What is being asked
Retrieve every line of the data holding the word "Business".

Extracted data
--- START ---

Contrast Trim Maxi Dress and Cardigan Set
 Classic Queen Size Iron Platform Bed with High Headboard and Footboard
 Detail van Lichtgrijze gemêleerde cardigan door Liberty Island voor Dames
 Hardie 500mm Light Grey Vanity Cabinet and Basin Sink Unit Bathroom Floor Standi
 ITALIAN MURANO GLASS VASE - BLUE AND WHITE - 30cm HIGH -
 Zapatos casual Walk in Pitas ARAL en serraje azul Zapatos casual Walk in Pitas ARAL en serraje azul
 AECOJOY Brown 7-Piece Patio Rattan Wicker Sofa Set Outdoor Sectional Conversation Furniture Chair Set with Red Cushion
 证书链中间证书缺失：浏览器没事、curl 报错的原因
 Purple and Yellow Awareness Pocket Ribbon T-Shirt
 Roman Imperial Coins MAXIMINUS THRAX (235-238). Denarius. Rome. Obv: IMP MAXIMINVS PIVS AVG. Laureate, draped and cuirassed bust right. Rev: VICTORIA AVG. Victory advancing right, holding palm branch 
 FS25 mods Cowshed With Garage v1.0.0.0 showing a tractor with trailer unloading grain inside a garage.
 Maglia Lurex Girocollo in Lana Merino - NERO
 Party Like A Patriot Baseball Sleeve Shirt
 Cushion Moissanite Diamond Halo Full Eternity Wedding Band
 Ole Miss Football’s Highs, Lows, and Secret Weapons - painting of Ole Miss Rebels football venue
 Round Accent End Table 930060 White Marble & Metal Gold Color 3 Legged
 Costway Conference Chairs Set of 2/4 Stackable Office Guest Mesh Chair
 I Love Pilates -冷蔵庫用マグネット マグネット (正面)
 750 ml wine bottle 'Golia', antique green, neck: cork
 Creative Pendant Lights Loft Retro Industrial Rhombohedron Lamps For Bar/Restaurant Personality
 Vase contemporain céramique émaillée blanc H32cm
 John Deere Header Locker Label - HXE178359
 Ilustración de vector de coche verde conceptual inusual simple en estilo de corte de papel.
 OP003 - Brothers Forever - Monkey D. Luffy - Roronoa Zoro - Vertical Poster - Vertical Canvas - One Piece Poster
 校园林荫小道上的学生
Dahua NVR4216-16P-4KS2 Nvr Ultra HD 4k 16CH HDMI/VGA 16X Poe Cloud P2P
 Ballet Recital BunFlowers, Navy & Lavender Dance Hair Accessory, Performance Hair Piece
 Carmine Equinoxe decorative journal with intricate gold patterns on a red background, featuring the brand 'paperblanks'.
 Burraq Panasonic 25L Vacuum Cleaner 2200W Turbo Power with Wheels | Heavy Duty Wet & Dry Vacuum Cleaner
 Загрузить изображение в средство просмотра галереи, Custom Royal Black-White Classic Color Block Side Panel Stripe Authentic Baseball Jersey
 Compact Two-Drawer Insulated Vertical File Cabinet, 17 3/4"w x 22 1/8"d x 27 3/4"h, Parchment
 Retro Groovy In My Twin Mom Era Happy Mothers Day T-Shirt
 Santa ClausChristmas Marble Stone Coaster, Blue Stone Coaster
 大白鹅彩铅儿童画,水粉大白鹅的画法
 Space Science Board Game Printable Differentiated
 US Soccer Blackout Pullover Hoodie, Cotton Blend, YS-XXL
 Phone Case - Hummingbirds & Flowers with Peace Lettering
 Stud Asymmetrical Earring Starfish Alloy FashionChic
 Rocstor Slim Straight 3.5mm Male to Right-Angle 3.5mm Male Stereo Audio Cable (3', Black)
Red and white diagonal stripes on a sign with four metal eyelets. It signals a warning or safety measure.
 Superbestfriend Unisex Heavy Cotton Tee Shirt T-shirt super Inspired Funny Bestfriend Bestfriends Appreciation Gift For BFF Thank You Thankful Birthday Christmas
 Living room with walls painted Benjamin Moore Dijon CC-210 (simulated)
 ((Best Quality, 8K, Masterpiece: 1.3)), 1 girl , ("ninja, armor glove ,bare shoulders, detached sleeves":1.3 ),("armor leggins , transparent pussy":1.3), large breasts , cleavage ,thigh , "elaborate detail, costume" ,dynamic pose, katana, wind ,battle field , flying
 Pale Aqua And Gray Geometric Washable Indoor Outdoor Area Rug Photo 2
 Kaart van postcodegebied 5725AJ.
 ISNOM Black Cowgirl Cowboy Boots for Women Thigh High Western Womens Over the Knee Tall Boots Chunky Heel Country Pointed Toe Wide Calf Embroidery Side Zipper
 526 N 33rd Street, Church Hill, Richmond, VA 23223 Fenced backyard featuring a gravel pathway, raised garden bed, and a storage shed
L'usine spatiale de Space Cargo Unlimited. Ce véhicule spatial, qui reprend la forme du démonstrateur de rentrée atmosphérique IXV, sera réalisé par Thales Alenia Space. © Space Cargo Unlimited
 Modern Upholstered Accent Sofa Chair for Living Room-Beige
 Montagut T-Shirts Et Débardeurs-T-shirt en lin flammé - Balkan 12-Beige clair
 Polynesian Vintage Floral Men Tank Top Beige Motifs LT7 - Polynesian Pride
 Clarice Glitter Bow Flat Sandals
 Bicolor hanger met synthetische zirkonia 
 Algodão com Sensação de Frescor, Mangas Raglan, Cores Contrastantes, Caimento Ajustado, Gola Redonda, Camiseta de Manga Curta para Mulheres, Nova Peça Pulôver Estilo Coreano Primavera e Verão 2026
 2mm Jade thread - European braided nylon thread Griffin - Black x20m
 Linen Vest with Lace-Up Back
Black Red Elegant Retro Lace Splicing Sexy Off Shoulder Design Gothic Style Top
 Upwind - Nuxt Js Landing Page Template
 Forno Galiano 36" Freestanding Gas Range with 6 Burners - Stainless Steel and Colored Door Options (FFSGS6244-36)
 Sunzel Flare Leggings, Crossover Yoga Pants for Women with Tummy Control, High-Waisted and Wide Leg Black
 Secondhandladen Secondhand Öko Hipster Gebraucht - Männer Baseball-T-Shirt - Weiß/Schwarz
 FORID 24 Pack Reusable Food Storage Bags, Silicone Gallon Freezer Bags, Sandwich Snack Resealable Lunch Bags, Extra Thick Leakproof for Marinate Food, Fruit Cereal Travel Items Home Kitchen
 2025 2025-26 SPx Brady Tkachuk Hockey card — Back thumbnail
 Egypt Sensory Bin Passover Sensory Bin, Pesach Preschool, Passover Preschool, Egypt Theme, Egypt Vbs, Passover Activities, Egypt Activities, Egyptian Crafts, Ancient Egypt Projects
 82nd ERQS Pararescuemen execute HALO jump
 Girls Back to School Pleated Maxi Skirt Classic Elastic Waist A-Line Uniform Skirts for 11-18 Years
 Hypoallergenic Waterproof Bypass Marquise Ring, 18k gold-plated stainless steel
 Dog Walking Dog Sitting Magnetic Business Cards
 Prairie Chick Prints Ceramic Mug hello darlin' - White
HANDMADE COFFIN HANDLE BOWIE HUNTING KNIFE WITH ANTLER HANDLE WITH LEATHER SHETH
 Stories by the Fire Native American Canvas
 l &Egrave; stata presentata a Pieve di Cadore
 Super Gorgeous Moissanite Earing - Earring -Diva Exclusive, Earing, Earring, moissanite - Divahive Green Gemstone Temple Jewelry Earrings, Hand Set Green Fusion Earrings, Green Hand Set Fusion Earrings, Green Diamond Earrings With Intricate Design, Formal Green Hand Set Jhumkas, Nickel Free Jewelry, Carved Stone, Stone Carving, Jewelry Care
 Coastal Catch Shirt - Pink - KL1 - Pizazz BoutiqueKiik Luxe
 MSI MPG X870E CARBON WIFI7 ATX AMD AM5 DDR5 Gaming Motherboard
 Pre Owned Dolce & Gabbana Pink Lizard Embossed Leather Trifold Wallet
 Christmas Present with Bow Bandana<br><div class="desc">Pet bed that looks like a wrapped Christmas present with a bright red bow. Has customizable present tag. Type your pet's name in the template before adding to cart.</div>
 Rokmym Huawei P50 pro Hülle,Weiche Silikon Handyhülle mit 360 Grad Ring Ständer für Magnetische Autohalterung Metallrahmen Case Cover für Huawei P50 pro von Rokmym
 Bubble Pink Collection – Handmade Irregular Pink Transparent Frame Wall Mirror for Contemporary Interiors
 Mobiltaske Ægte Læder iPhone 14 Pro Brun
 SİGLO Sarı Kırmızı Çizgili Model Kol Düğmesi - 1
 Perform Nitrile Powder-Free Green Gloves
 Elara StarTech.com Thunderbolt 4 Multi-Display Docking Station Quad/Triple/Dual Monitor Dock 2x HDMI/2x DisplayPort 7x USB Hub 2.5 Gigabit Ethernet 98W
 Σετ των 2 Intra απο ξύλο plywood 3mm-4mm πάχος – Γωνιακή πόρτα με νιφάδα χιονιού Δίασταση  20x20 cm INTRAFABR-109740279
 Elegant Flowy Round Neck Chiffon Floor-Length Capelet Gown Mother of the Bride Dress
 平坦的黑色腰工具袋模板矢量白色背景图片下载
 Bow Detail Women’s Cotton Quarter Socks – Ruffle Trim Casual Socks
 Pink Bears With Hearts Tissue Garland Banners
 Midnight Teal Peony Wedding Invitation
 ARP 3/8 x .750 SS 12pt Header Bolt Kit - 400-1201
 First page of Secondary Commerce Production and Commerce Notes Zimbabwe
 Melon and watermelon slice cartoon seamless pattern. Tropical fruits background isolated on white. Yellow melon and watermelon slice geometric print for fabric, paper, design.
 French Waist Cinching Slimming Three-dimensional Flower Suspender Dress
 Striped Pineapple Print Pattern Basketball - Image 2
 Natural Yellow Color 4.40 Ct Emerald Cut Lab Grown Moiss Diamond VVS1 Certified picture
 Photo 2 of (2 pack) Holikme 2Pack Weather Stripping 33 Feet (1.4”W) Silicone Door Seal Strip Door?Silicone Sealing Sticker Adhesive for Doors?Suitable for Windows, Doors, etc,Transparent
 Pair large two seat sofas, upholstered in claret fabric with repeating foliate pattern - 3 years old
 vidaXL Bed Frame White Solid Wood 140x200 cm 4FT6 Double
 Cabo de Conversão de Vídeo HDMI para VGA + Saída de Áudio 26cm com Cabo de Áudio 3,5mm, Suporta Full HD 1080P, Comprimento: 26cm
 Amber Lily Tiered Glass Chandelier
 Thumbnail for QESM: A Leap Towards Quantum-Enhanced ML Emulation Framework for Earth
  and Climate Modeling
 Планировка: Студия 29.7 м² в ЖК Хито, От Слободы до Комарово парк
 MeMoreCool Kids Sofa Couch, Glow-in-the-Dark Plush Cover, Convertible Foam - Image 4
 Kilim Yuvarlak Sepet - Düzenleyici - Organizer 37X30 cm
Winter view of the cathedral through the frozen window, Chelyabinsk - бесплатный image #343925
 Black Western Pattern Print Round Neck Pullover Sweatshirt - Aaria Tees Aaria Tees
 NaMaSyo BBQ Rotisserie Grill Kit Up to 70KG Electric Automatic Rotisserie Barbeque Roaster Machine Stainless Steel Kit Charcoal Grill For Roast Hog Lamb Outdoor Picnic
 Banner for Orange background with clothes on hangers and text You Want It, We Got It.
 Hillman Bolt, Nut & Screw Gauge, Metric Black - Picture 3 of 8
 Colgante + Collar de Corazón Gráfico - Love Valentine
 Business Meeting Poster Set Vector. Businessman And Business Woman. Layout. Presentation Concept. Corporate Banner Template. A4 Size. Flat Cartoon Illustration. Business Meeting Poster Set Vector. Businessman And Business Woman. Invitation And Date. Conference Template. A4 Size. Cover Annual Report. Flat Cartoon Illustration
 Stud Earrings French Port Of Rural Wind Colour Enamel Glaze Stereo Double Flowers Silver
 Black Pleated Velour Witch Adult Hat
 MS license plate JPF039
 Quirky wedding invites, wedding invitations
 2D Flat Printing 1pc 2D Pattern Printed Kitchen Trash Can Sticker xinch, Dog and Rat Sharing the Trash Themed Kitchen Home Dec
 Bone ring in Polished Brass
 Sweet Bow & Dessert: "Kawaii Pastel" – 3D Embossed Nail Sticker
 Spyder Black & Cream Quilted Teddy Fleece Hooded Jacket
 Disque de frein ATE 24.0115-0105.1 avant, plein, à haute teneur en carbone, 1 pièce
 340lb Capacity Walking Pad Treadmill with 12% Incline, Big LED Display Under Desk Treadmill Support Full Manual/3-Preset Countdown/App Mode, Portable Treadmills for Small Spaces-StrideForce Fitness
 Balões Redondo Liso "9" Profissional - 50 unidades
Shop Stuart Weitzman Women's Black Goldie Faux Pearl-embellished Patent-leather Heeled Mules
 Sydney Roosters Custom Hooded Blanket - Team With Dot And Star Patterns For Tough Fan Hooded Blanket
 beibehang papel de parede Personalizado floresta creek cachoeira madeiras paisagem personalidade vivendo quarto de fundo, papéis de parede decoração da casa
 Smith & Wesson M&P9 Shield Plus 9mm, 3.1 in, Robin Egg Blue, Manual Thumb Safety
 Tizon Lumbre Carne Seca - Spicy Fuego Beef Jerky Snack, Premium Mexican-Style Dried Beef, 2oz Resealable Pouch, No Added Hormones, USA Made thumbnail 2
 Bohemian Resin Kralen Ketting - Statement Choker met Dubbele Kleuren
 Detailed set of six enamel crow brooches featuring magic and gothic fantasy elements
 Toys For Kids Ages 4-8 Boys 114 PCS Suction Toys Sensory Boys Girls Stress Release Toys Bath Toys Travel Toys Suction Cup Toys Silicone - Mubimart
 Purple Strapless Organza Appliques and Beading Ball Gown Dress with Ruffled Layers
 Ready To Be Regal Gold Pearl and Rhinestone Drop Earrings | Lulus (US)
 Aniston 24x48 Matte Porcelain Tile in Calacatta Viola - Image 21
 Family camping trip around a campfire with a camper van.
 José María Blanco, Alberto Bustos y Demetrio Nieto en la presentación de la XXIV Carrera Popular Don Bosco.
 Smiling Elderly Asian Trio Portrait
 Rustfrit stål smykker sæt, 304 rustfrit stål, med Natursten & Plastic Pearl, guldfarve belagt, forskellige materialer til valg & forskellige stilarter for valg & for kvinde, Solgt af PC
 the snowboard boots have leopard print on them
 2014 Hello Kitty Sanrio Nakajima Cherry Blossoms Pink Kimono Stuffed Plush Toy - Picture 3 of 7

--- END ---

Task answer
 Dog Walking Dog Sitting Magnetic Business Cards
 Business Meeting Poster Set Vector. Businessman And Business Woman. Layout. Presentation Concept. Corporate Banner Template. A4 Size. Flat Cartoon Illustration. Business Meeting Poster Set Vector. Businessman And Business Woman. Invitation And Date. Conference Template. A4 Size. Cover Annual Report. Flat Cartoon Illustration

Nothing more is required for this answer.